The version of the Mr. Trash Wheel data we’ll use for this class is available here.
UPDATE: a more recent dataset is here.
Mr. Trash Wheel is “a water-wheel vessel that removes trash from the Inner Harbor in Baltimore, Maryland.” It (or he) sits at an intake into the Inner Harbor and intercepts litter and debris carried by the Jones Falls River toward the harbor. It has removed over a million pounds of litter since May 2014!
Adam Lindquist, Director of the Healthy Harbor Initiative, describes the operation of the trash wheel and the data collection process below:
Trash collected by the Trash Wheel is immediately dumped into a dumpster sitting on a separate barge at the back of the device. Each time the dumpster fills it is removed by boat and replaced with an empty dumpster. The full dumpster is transported to a waste-to-energy plant with the trash is incinerated to make electricity for Maryland homes.

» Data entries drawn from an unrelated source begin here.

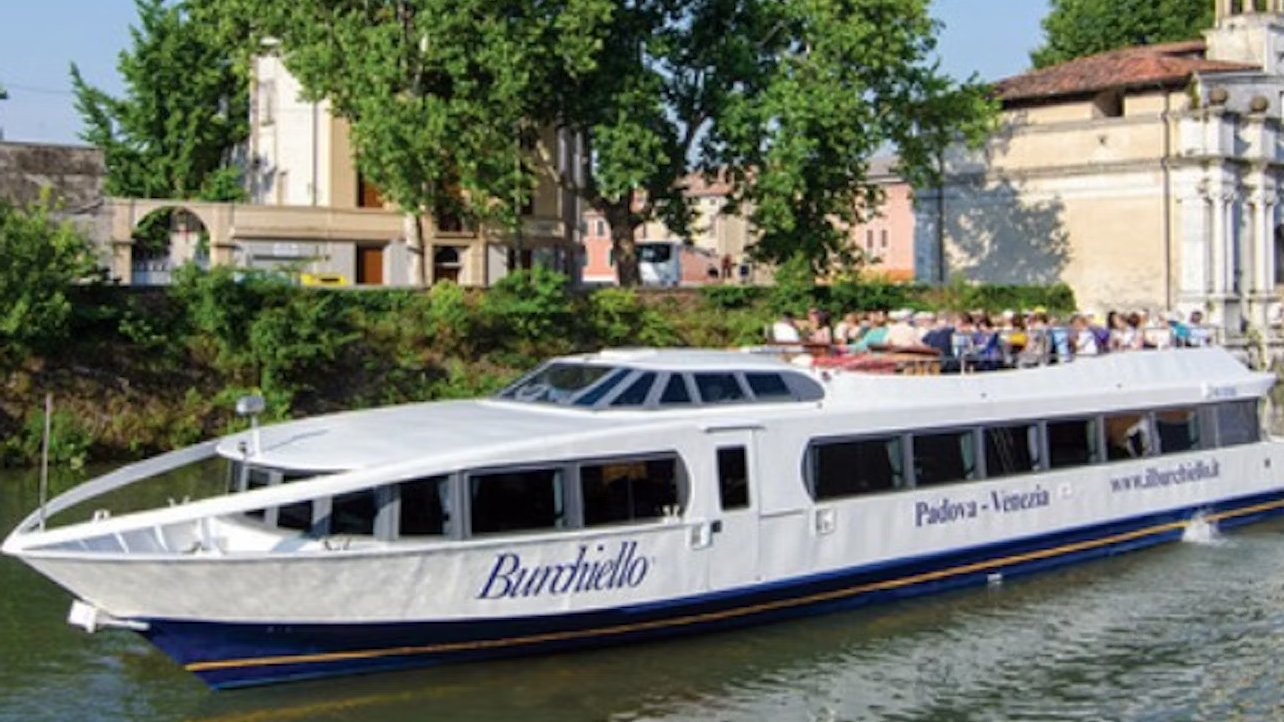 Cruising through centuries of art and architecture between Padua and Venice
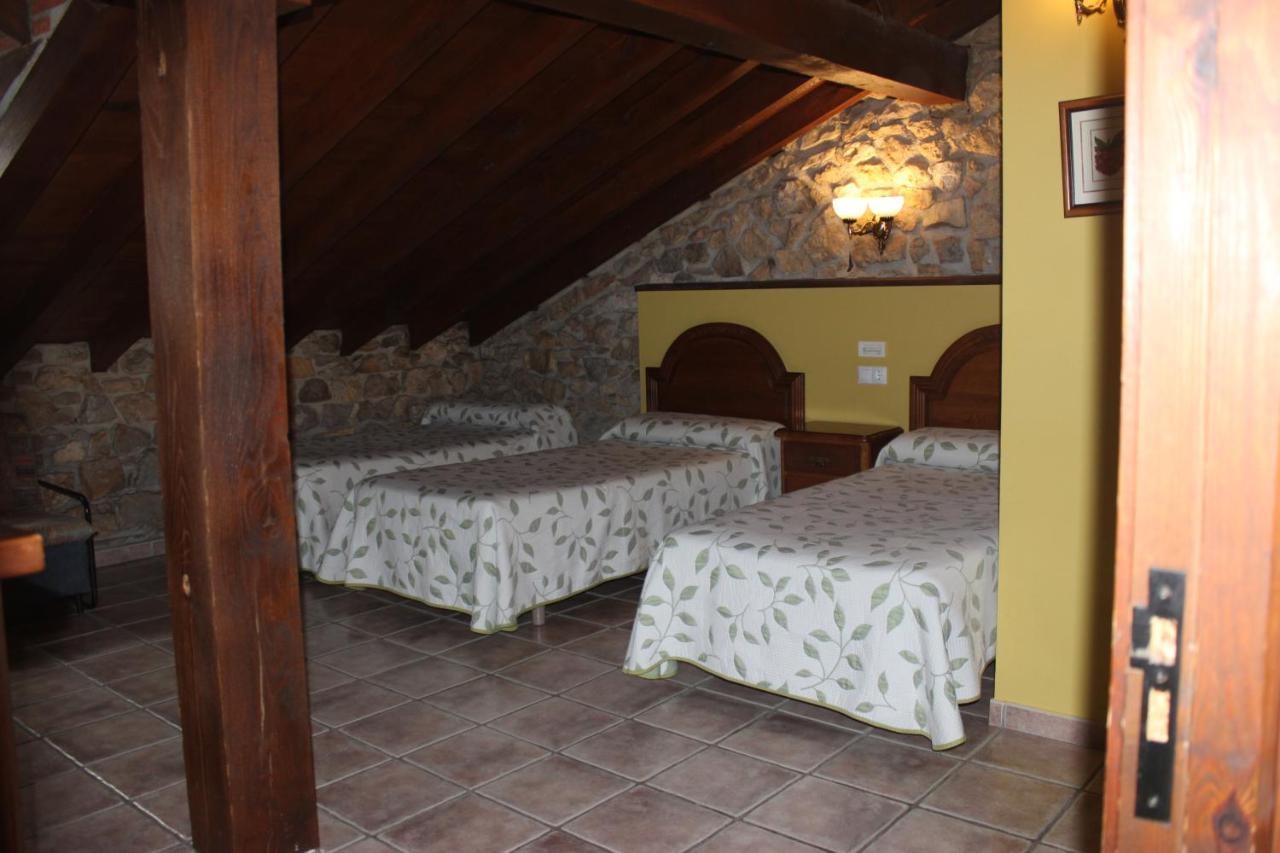 La Venta De Quijas Bed & Breakfast Bagian luar foto
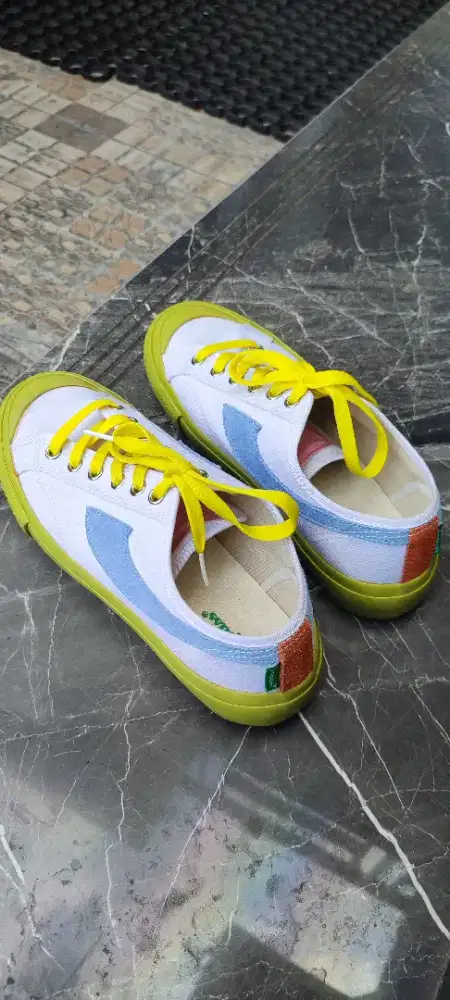 Sepatu Compass Limited edition (New) Rp. 1.550.000 (nego)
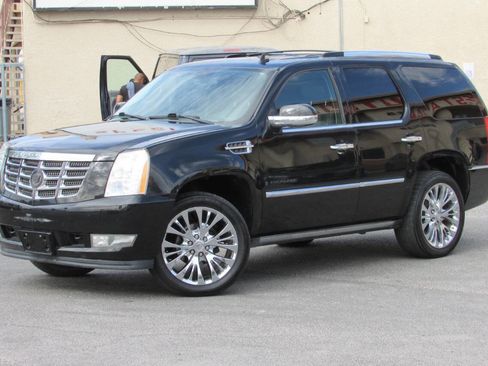 Used 2009 Cadillac Escalade 2WD image 3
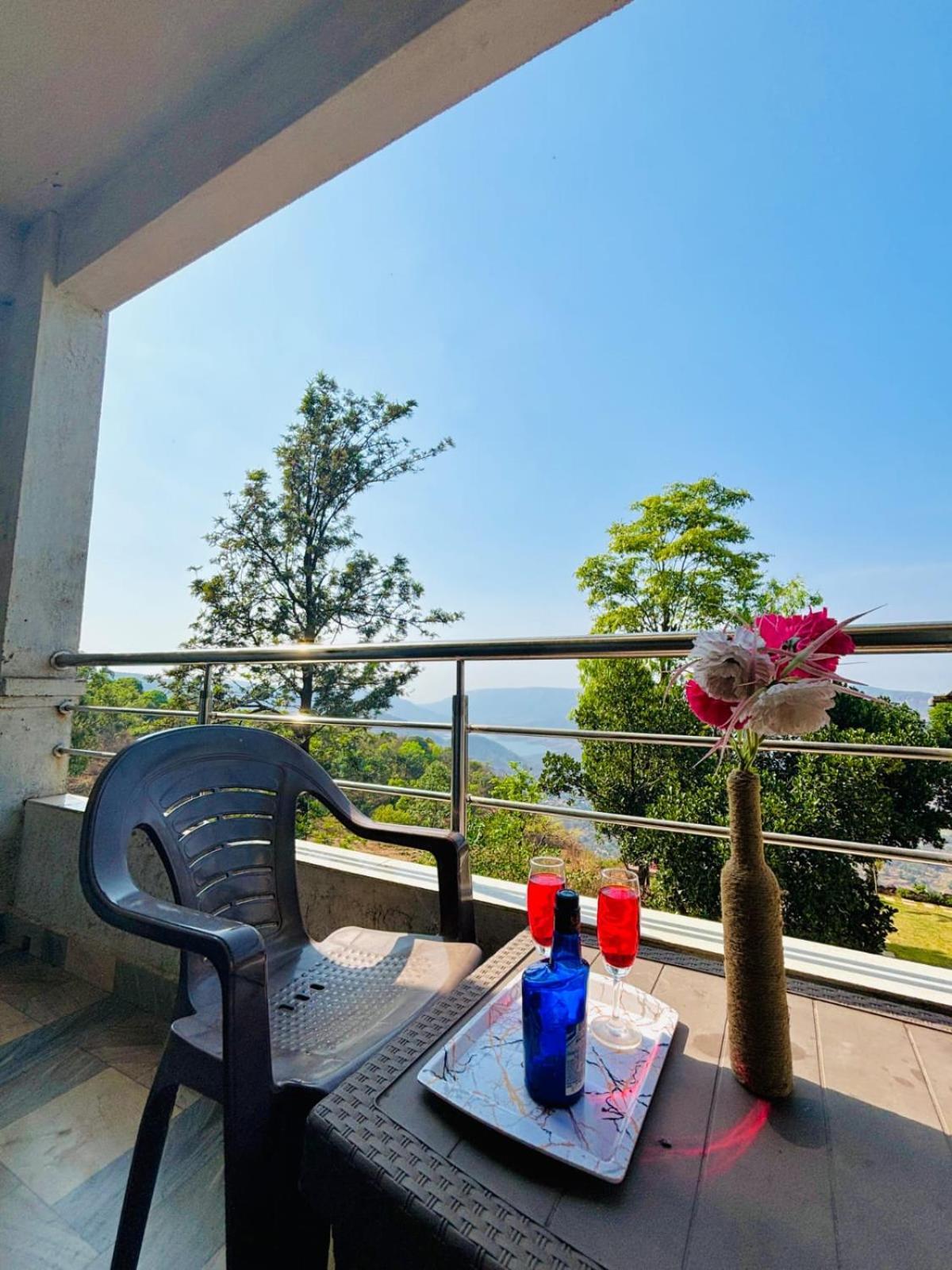 Hotel Oneness Mahableshwar Mahābaleshwar Zewnętrze zdjęcie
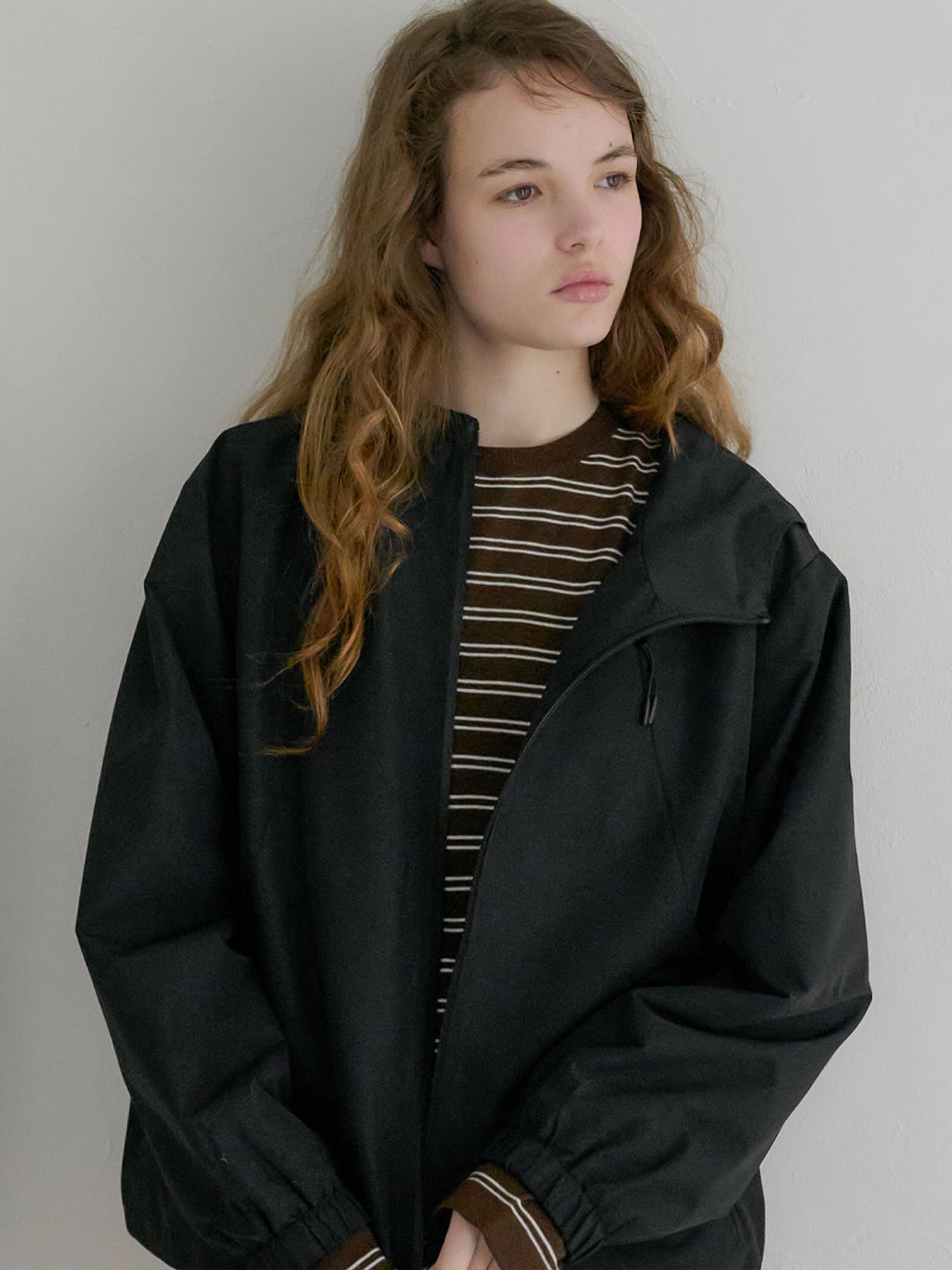 엘씨브이(LCVE) PIPED HOODED WINDBREAKER_BLACK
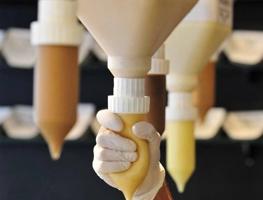 إعلان عن علبة الصوص المعلقة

The amount of trash the device receives is highly dependent on rainfall. When the City receives a large storm we can fill multiple dumpsters in a single day. If it doesn’t rain, it may take days or weeks to fill a single dumpster.
Trash totals are estimated based on observations of what is going up a section of the conveyor belt at various times through the collection process. For example, the beginning of a storm brings more cigarette butts, while the middle of a storm brings more plastic bags. The tail end of a storm brings heavy logs.
Mr. Trash Wheel is on twitter.
Data collected by Mr. Trash Wheel is publicly available as a .xlsx document. The version used linked to above was accessed in June 2017.
The Mr. Trash Wheel spreadsheet is largely self-explanatory, and includes information on the dumpter number, date of collection, amount of total litter and litter type. Additional spreadsheets for Professor Trash wheel and for precipitation amounts are also included in the document.